В третьей главе мы уже говорили о том, что катарсис в ивановско-ницшеанском смысле, достигнутый через убиение Липиного младенца, мог бы убрать с дороги «относительные ценности», доступные нашему субъективному сознанию, и проложить путь к «связи божественного всеединства»[410]
— через сострадание и лирическую прозу. Вячеслав Иванов надеялся, что художники-символисты не просто достигнут этой связи, но и приготовятся следовать за своим символом — «адекватное ознаменование… объективной правды о вещах». Это открытие себя для символа, чем-то напоминающее «интуитивизм» Анри Бергсона[411], Иванов назвал «эмморфозой»: он определил его как разновидность мимесиса «типа женского, рецептивного», применяемую «в целях ознаменования вещей, простого выявления в форме и звуке». Эмморфоза не останавливается на откровении, а ведет к «преображению мира посредством пассивного ознаменования высшей реальности»[412]. Подобно Толстому, Горькому и Куприну, писатели-символисты тоже надеялись принять участие в преображении действительности при помощи собственных сочинений, только они стремились к другой — трансцендентной и метафизической — действительности. Собственно, Иванов в своем очерке задавался целью разграничить два поколения символизма в тогдашних литературных спорах и «навести мосты между младшими символистами и более социально мыслящими реалистами вроде Горького и Леонида Андреева»[413]. Что касается Горького, то и он наделял искусство схожими магическими функциями, когда пускался рассуждать о творчестве и «стремлении к победе над сопротивлением мертвой материи»[414].Однако символистское обещание выхода за пределы обыденности посредством «женского, рецептивного» мимесиса и сращения смертной жизни «в одно божественное Тело Жены, облеченной в Солнце», требовало от искусства новых форм. Если в реалистическом искусстве Эрос приводил только к разрушению, о чем уже шла речь выше, то символисты надеялись, что в их искусстве Эрос послужит катализатором воссоединения метафизического плана с реальным.

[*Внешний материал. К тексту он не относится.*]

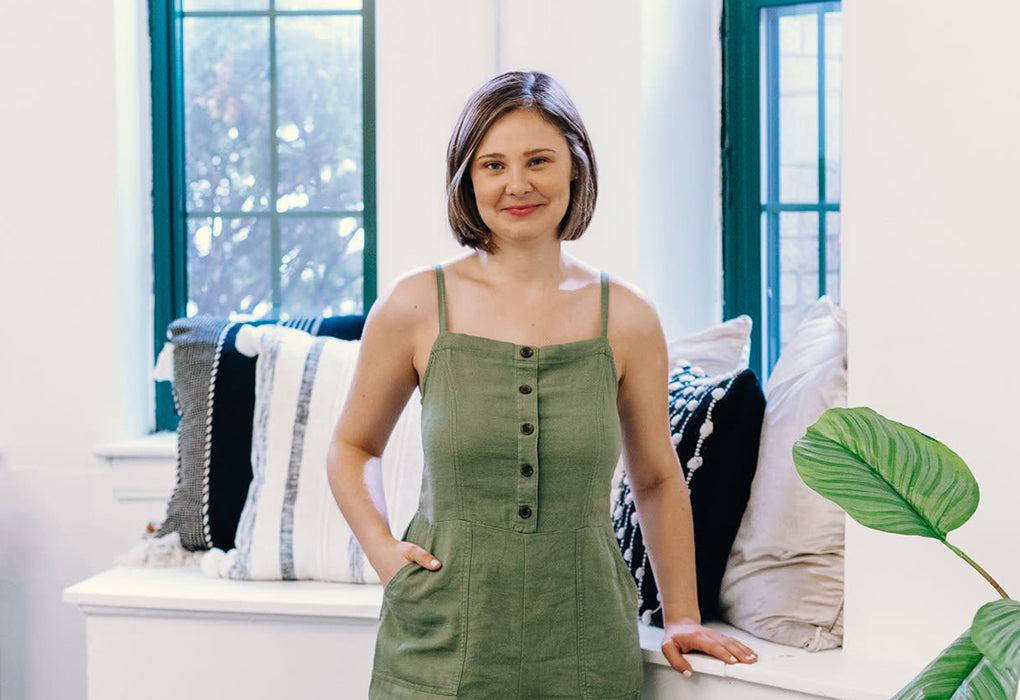 Catherine Elizabeth, a young white woman with short, neatly kept brown hair and a kind smile, stands near bright windows and soft black and white pillows in her studio space. She is wearing a summery green jumper with small buttons down the front.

По словам Иванова, попытки Толстого низвести всех женщин до уровня Альдонсы и его полная неспособность узнать лик Дульсинеи мешали ему создавать такое искусство, где проступала бы «творимая икона софийного мира извечных прообразов»[415]
. Образ Дульсинеи должен был бы соединить читателя с Софией точно так же, как икона соединяет православного верующего с Богом.Довольно верное представление о символистском репертуаре канонических образов собирательной женственности можно было бы составить, ознакомившись с перечнем ролей, которые исполняли танцовщицы кордебалета в «Русском балете» — антрепризе, основанной Сергеем Дягилевым в 1909 году[416]
. Гаремные девушки, сильфиды в лунном свете, египтянки, танцующие перед Клеопатрой, крестьянки, горничные, невесты и нимфы — все они повторяли и воплощали призывы к духу Вечной Женственности, звучавшие в символистской поэзии вроде «Стихов о Прекрасной Даме» (1901) Александра Блока[417]. Соблазнительные, демонические и феерические, эти танцовщицы пускали в ход свои чары, чтобы околдовать и приворожить персонажей-мужчин. Однако на заре ХХ века кордебалет гораздо чаще передавал нужное настроение или чувство, чем выполнял повествовательную функцию, как это было в сюжетных балетах XIX века. Например, в «Сильфидах» (балете, поставленном хореографом Михаилом Фокиным на музыку Фредерика Шопена, с декорациями и костюмами Александра Бенуа, и впервые исполненном в Мариинском театре в Санкт-Петербурге в 1907 году) кордебалет в классических белых пачках при помощи текучих кругов, линий и симметрии передавал ощущение изящества, красоты и идеальных форм[418]. В 1904 году, когда в Россию с гастролями приехала Айседора Дункан, танец стал для русских модернистов воплощенным образом экстатического общинного единства[419].